Quello che si concentra sul cosiddetto «tesoretto» del reddito di cittadinanza, in realtà una minore spesa in deficit rispetto al previsto, è solo l’ultimo episodio della serie nella battaglia di parole che i due leader di maggioranza ingaggiano periodicamente con il ministro dell’Economia Tria. Tria che ieri è stato messo sotto attacco anche dall’opposizione perché è tornato a criticare il bonus da 80 euro, «tecnicamente sbagliato», e a rievocare il progetto già studiato al Mef lo scorso anno per inglobarlo nella riforma Irpef trasformandolo da spesa pubblica a sconto fiscale.

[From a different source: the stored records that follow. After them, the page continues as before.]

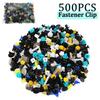 Universal Auto Fastener Kit 200-1000pcs Assorted 30 Types Bumper Door Clips Retainer Rivets for Vehicle Quick Fix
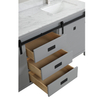 antique 72 inch grey Bathroom Vanity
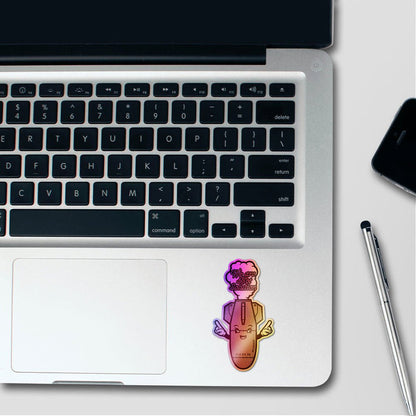 We Are Not Solution Holographic Stickers - Holographic stickers | STICK IT UP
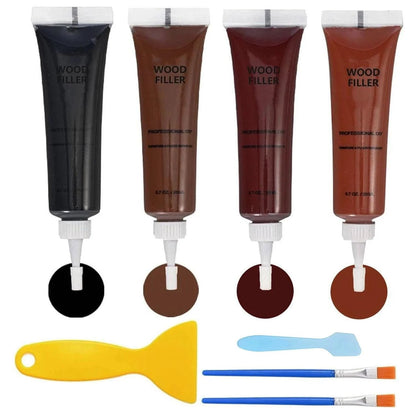 Dark Wood Furniture Repair Kit, 4-Color Scratch 4 Colors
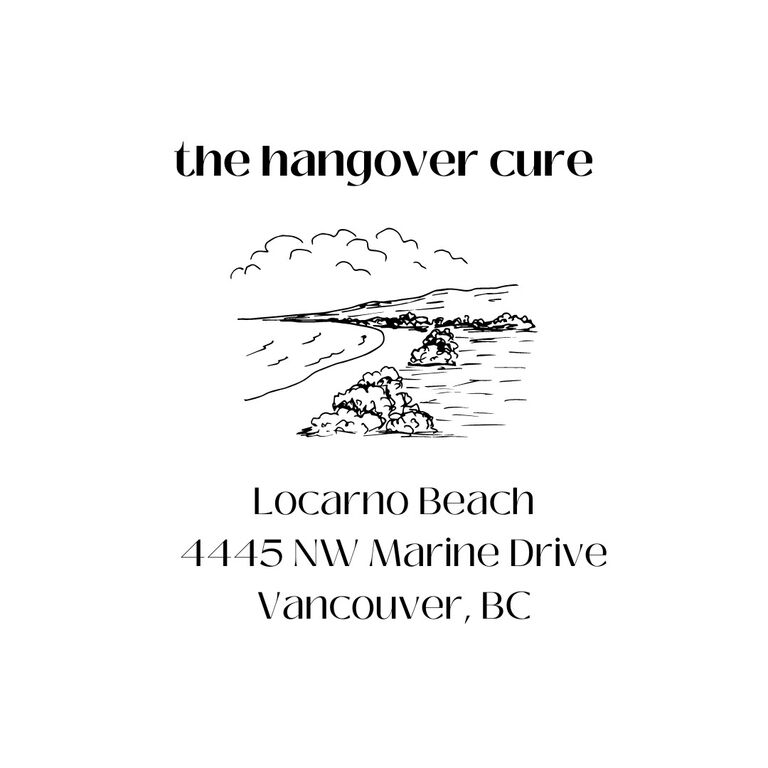 Before you head back home, we'd love for you to experience the mountains and ocean with us. We will have a section of Locarno Park & Beach reserved for a big BBQ so we can eat, chill, play some games, and take in the scenery. Make your way around 11am or later - we have the beach booked the whole day!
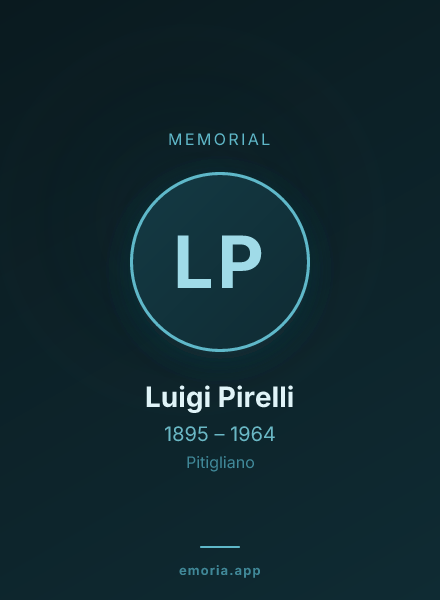 Memorial portrait of Luigi Pirelli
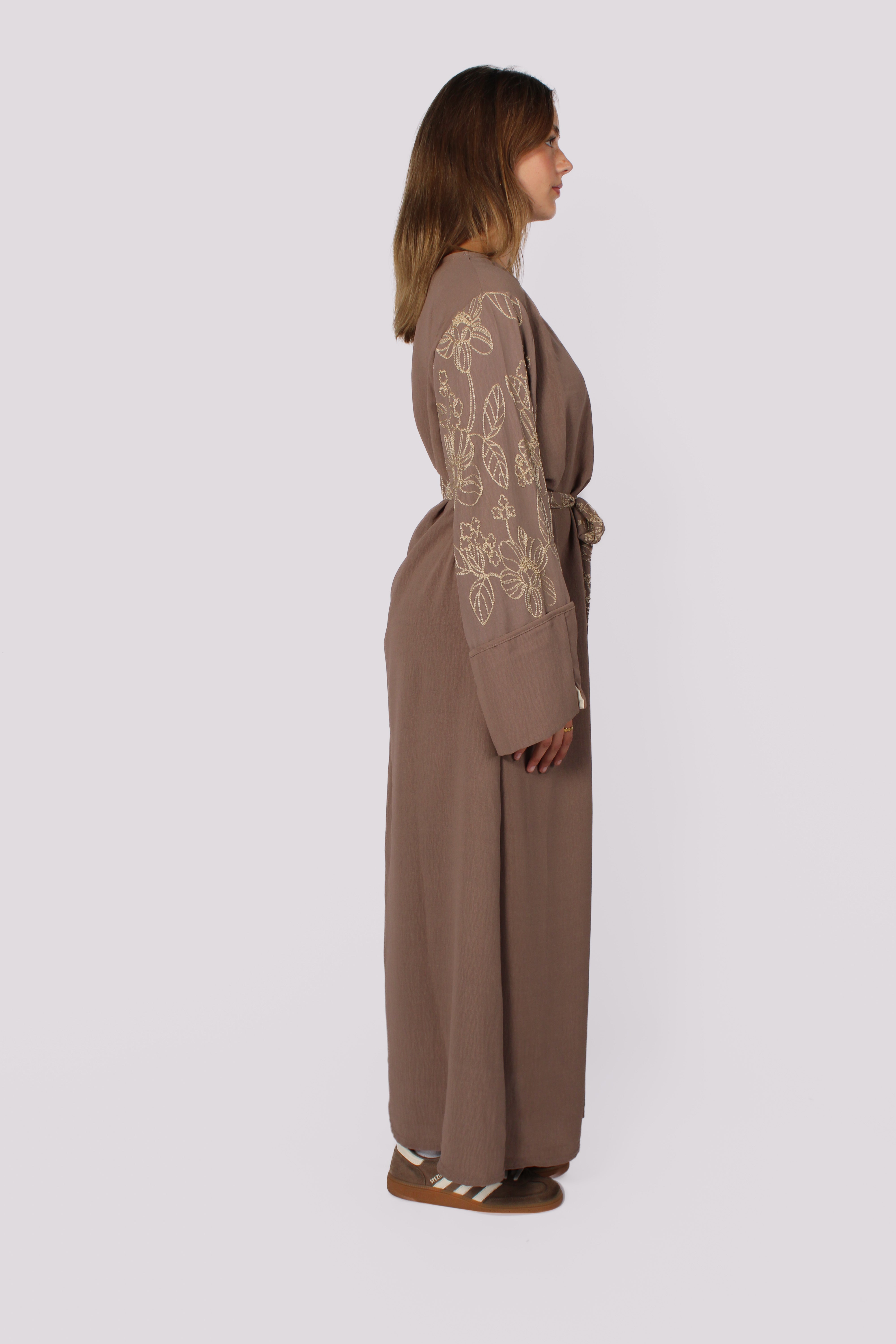 SAFA DRESS - TAUPE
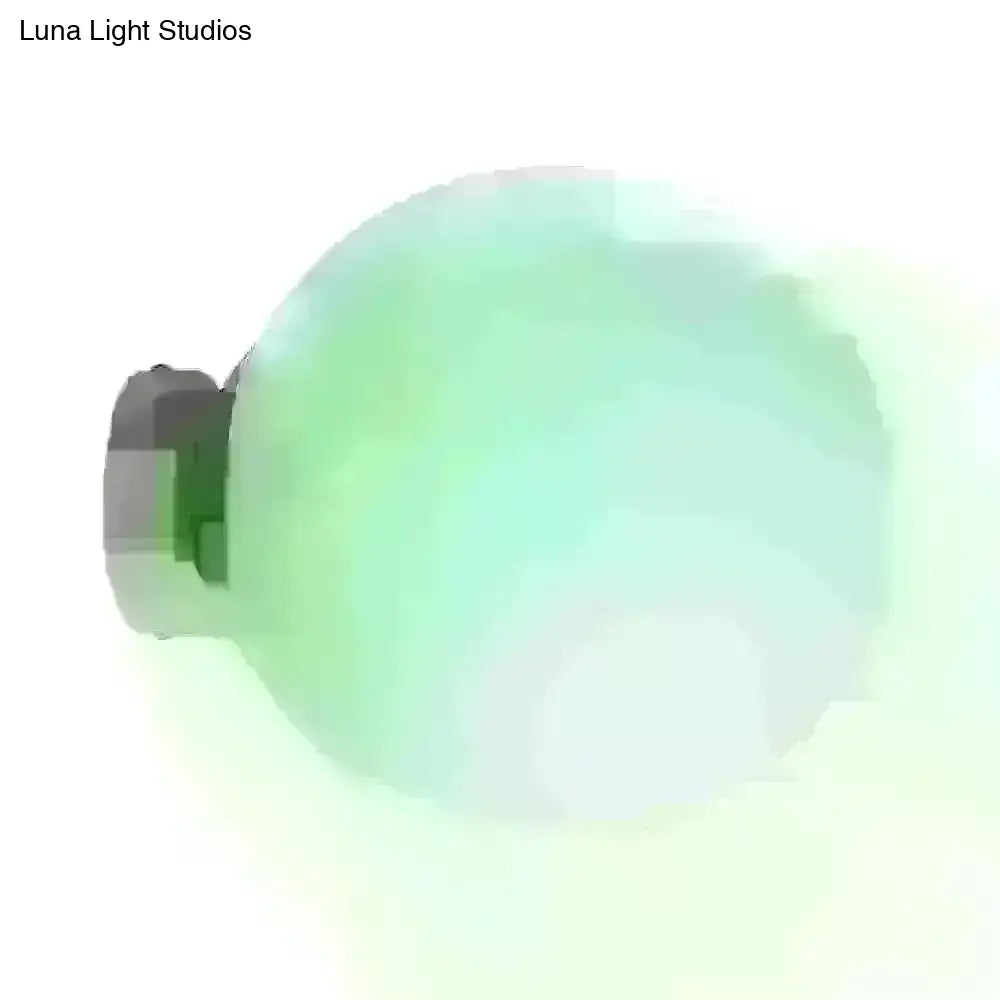 DecorBites™ Spherical Glass Sconce Light - Minimalist Wall Mounted Lighting for Balcony - 1 Bulb, White, 10"/11.5"/13" Wide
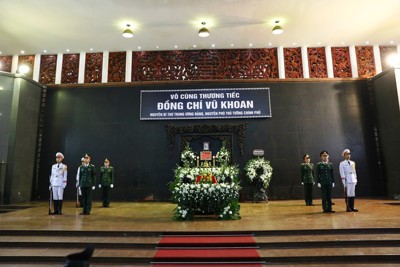 Tổ chức tang lễ nguyên Phó thủ tướng Vũ Khoan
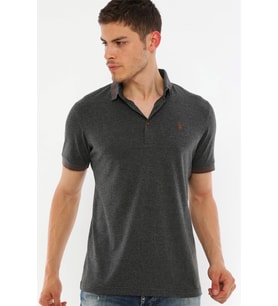 T8586 DEWBERRY ERKEK POLO YAKA T-SHIRT-ANTRASİT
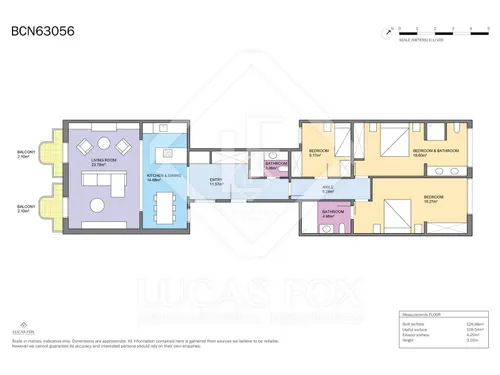 3 Bedrooms Apartment in Enric Granados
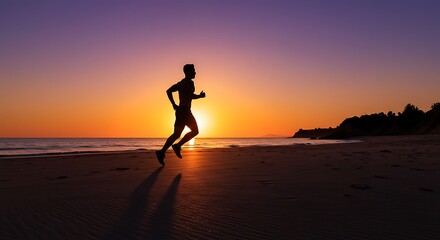 Sunset Strides AI Generated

Ieri, insomma, per il titolare dei conti è stata un’altra giornata di bufera. Partita quando, nell’intervista mattutina ad Agorà su RaiTre, ha detto che le coperture del decreto sulla famiglia promosso dai Cinque Stelle «non sono ancora state individuate», per cui il decreto non è stato approvato. «Decide la politica, non i tecnici», ha tuonato il leader M5S Luigi Di Maio. «Dal ministro Tria ci aspettiamo soluzioni, non ostacoli», gli ha fatto eco il sottosegretario agli Esteri Manlio Di Stefano, anche lui M5S, invitando il ministro a «non nascondersi dietro ai numeri».
Ieri è stato il turno dei Cinque Stelle, altre volte è toccato alla Lega. Ma quello che va in scena periodicamente, e con intensità crescente man mano che ci si avvicina al voto, non è però un dibattito fra le opinioni dei partiti e quelle di Tria. Perché spesso il contrasto è fra le richieste dei due vicepremier e i documenti di finanza pubblica appena votati dallo stesso governo.
Sul riutilizzo dei “risparmi” dal reddito di cittadinanza, per esempio, è la manovra (comma 257 della legge 145/2018) a spiegare che a misurare le «eventuali economie» su reddito di cittadinanza o quota 100 è un «accertamento quadrimestrale», in base al quale i risparmi possono alimentare compensazioni tra i due fondi oppure ritornare al fondo di appartenenza. E sono le regole di finanza pubblica ad aggiungere che un risparmio eventuale realizzato in un anno non può alimentare spesa aggiuntiva l’anno dopo senza incidere sui livelli di deficit appena decisi nel Def.
E gli ostacoli più alti sulla via della traduzione pratica delle parole d’ordine utilizzate da questa campagna elettorale quando si è occupata di politica economica si incontrano proprio nel Def, firmato da Tria ma ovviamente approvato dal consiglio dei ministri, e nella risoluzione di maggioranza con cui il Parlamento ha dato il via libera al Documento. Sull’Iva, che per Salvini «non aumenterà mai finché sono io al governo» ed è da escludere a priori anche per Di Maio, il Def si limita a «confermare la legislazione vigente in materia fiscale» (cioè gli aumenti da 23,1 miliardi in calendario dal 1° gennaio 2020). La conferma è prevista «nell’attesa di definire le misure alternative di copertura»: ma per una partita che vale l’1,26% del Pil finora la maggioranza si è limitata a vaghe indicazioni di spending review e lotta all’evasione. Ma per la prima, che in questi mesi fatica a innescare anche il ciclo ordinario attraverso le indicazioni dei singoli ministeri, è lo stesso Def del governo a indicare un obiettivo 2020 da due miliardi, cioè meno di un decimo di quel che serve a bloccare l’Iva. Mentre le entrate aggiuntive da lotta all’evasione hanno bisogno di tempo per essere realizzate, diventare strutturali e quindi essere conteggiate nei saldi di finanza pubblica.
Proprio la griglia dei saldi disegnata dal Def, che punta a un taglio al deficit di 6 miliardi e a una riduzione del debito, schiaccia le ambizioni anche della riforma fiscale. Che, spiega il Def e conferma la risoluzione di maggioranza, deve avvenire nel rispetto degli obiettivi di finanza pubblica definiti in questo documento. In questo quadro la revisione degli 80 euro, per quanto complicata, può aiutare ad avviare la riscrittura dell’Irpef. Ma da sola non può cambiare il conto complessivo del peso fiscale perché la trasformazione dei suoi 10 miliardi abbondanti da spesa pubblica a mancata entrata non cambierebbe di una virgola l’effetto sui saldi.